Women who ate plenty of fruits and vegetables and who tried to drink water instead of soft drinks were less likely to have premature babies than women who ate more “Western” diets, a big study in Norway has shown.
It wasn’t that women who ate pizza, tacos and sweets were more likely than average to have premature babies, the researchers found. It was that healthier eating lowered the risk by about 15 percent.
Dr Linda Englund-Ögge of Sweden’s Sahlgrenska Academy and colleagues studied a big database of 66,000 Norwegian women who are taking part in a larger study.
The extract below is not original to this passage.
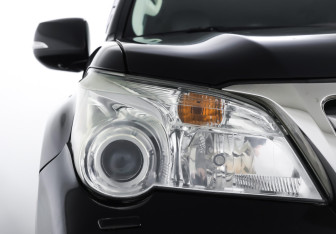 Подержанный автомобиль Lexus GX 2010 года (25 фото)
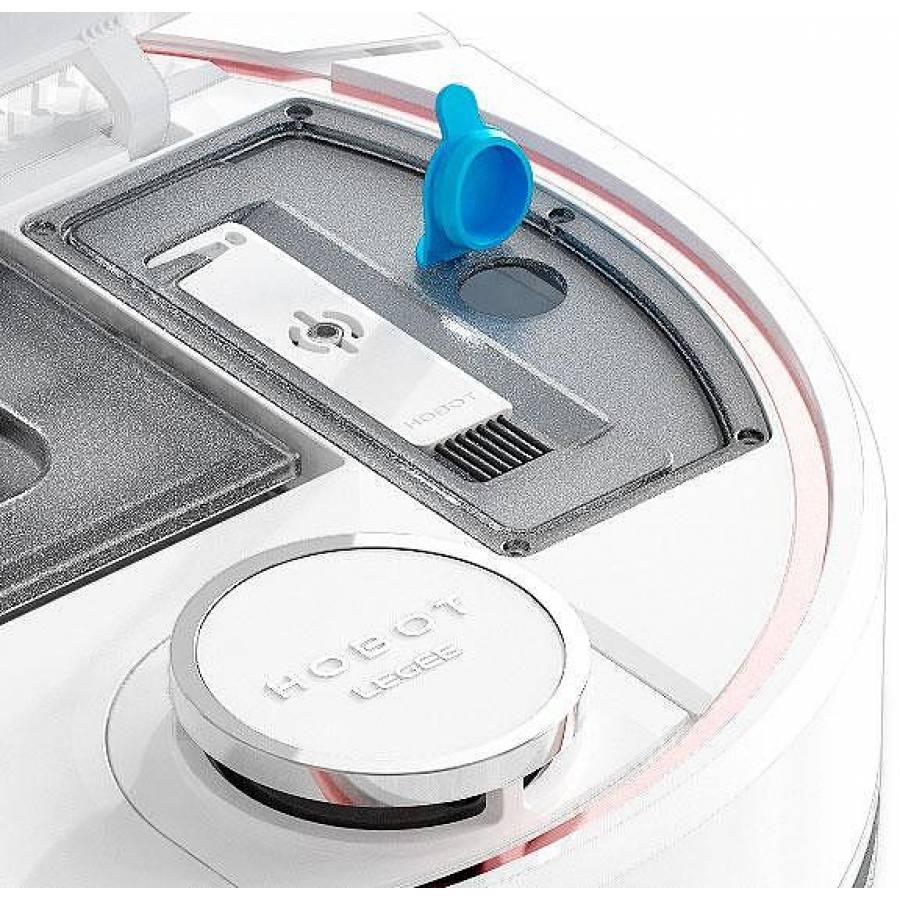 Hobot Legee D7  Robot Aspirator Cu Mop 5g Wifi Asistent Vocal Voce Creativa Ridicare Mop Pe Covoare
One of the things they did was fill out a food diary while pregnant.
Englund-Ogge’s team classified their diets into three broad types: a “prudent” diet with plenty of fruits and vegetables and not too much junk food; a “traditional” Nordic diet with boiled potatoes, fish and gravy; and a more typical modern “Western” diet with processed white flour, sweets and snacks.
“Our results indicate that increasing the intake of foods associated with a prudent dietary pattern is more important than totally excluding processed food, fast food, junk food, and snacks,” they wrote in their report, published in the British Medical Journal.
It makes sense, says Dr. Walter Willett, a nutrition expert at the Harvard School of Public Health who was not involved in the study. “It does fit with what we have learned about diet and pregnancy,” he told NBC News.